[Opening Data for processing section]

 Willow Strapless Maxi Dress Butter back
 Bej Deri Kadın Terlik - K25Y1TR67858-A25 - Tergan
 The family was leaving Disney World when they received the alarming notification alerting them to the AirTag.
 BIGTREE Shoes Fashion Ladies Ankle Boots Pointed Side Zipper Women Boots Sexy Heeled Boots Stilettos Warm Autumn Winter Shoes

[Closing Data for processing section]
[Opening Data for processing section]

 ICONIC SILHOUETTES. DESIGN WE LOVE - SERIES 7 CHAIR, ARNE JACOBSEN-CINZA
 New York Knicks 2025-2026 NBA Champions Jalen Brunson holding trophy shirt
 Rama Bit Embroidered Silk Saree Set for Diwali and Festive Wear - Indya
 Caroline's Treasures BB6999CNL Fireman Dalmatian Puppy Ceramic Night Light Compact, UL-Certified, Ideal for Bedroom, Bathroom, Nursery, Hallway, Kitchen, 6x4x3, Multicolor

[Closing Data for processing section]

» Task to carry out
Print again the lines of the entries above that fall between the line holding "The family was" and the line holding "BIGTREE Shoes Fashion", inclusive, exactly as they stand.

» Task response
 The family was leaving Disney World when they received the alarming notification alerting them to the AirTag.
 BIGTREE Shoes Fashion Ladies Ankle Boots Pointed Side Zipper Women Boots Sexy Heeled Boots Stilettos Warm Autumn Winter Shoes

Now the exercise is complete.